Data to examine:
────────────────
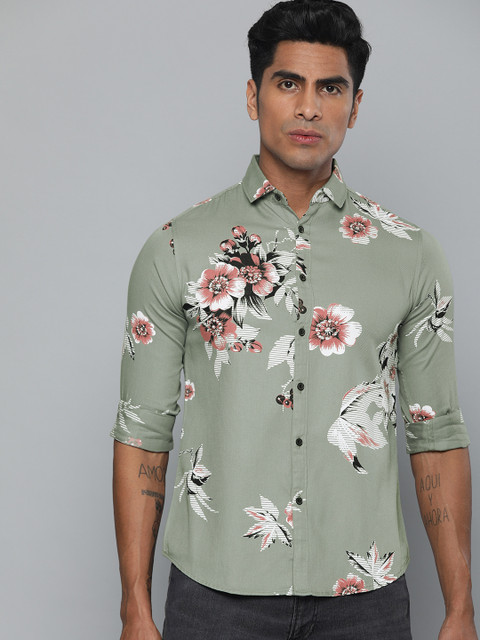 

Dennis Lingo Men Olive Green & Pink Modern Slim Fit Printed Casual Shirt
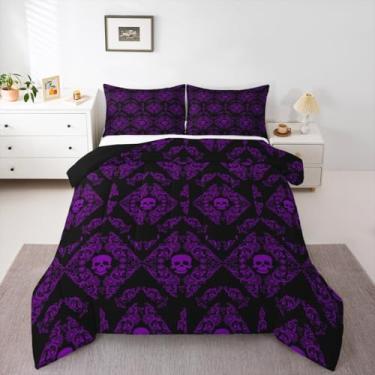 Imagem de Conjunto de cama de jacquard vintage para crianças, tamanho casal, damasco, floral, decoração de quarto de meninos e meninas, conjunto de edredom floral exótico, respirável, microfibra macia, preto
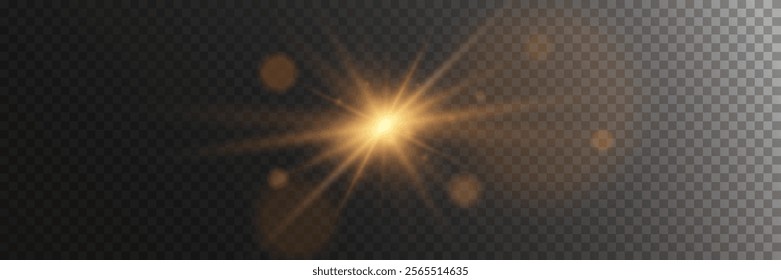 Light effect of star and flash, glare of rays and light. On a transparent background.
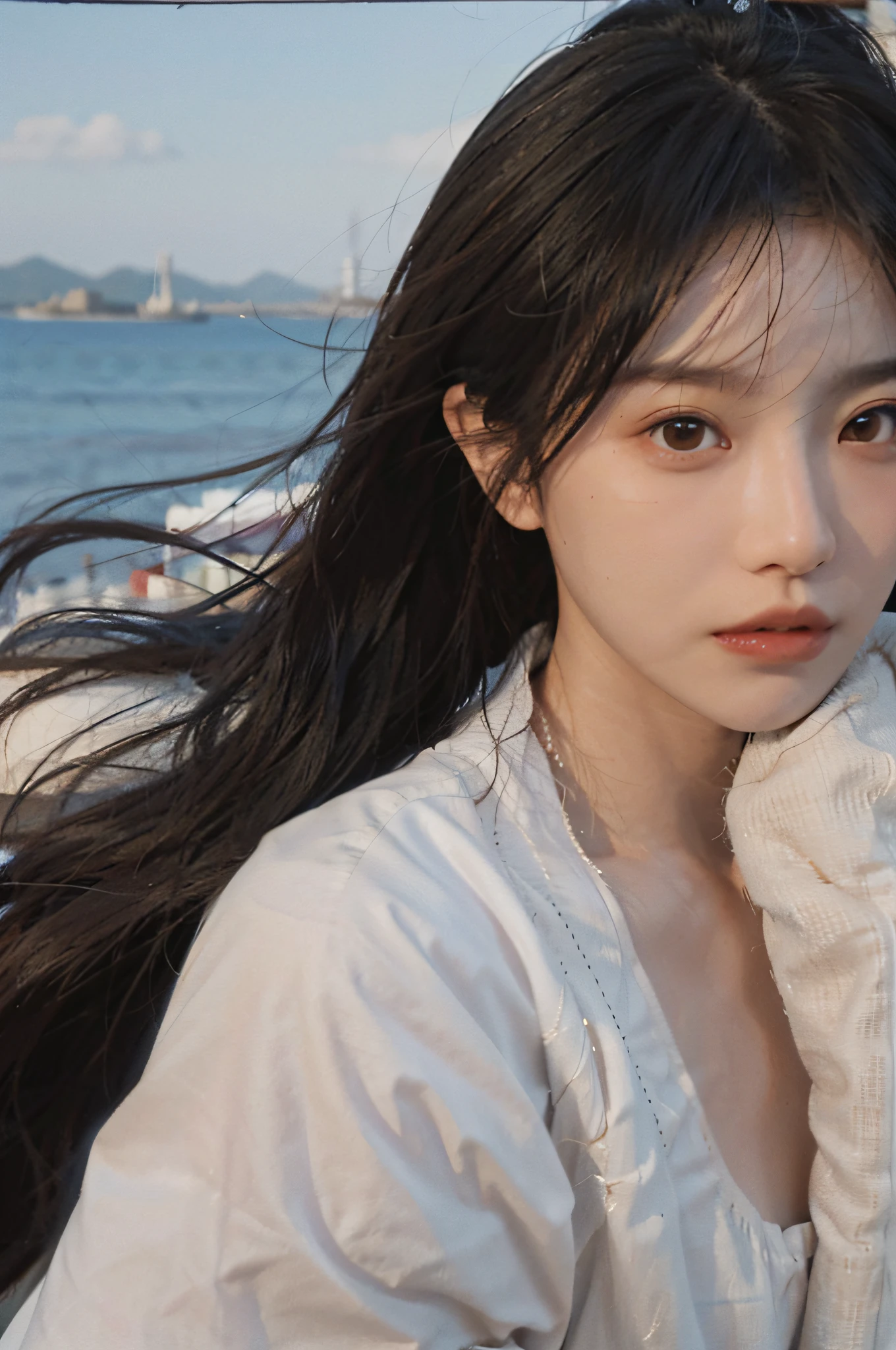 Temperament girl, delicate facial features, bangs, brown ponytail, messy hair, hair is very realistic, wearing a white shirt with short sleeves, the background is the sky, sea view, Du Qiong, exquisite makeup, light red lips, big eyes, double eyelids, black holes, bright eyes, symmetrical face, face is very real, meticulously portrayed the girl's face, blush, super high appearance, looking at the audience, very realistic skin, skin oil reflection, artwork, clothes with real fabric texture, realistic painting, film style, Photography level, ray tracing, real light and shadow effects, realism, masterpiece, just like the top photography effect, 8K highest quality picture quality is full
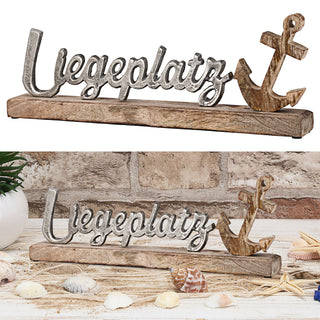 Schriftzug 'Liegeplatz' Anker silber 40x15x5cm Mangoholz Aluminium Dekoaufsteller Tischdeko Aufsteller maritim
────────────────
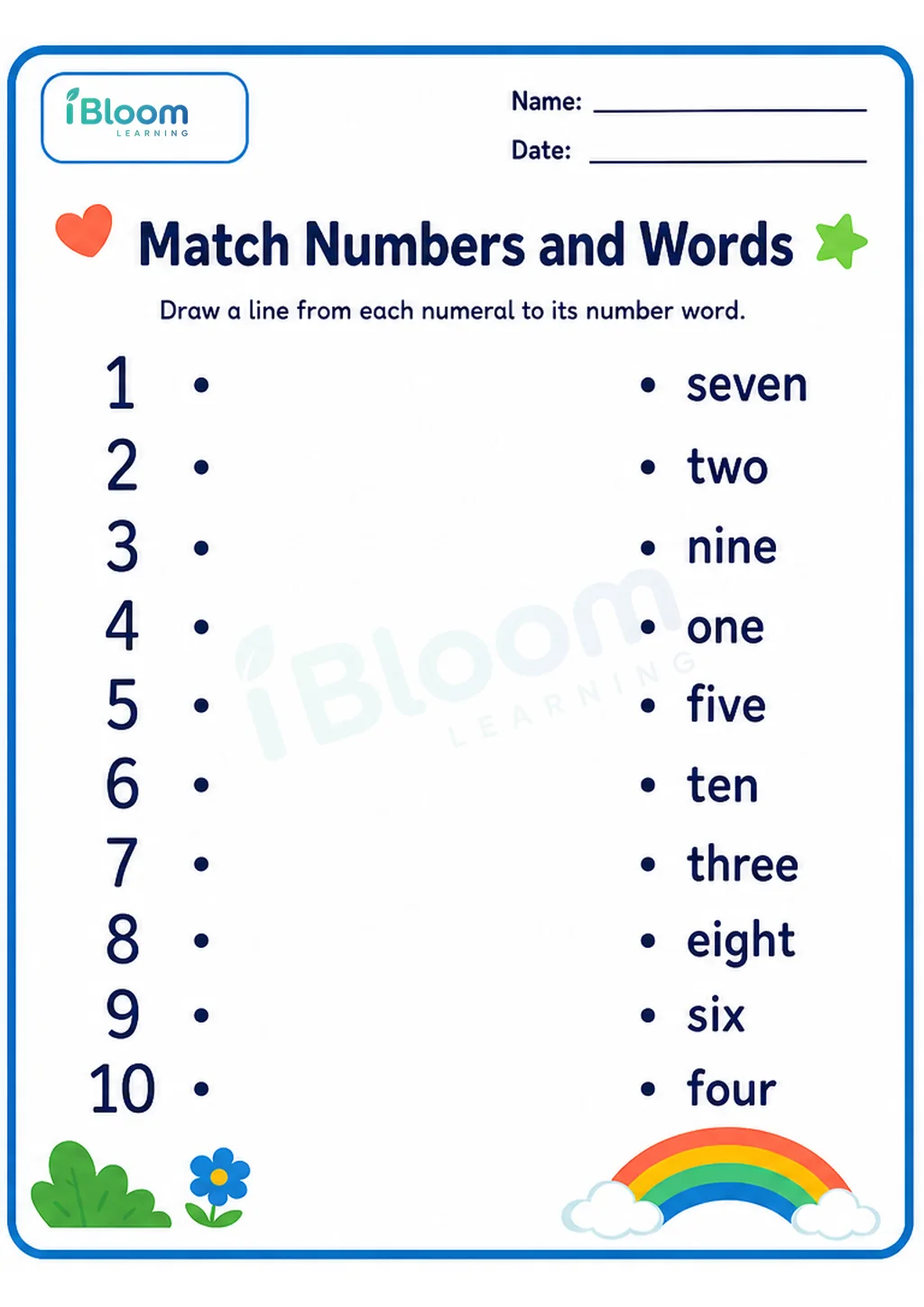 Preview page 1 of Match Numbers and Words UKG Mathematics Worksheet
────────────────
Aim of the task: From the records above, copy exactly the lines starting at the one with "Imagem de Conjunto" and ending at the one with "Light effect of", and no others. Pictures stay out.

Written response:
 Imagem de Conjunto de cama de jacquard vintage para crianças, tamanho casal, damasco, floral, decoração de quarto de meninos e meninas, conjunto de edredom floral exótico, respirável, microfibra macia, preto
 Light effect of star and flash, glare of rays and light. On a transparent background.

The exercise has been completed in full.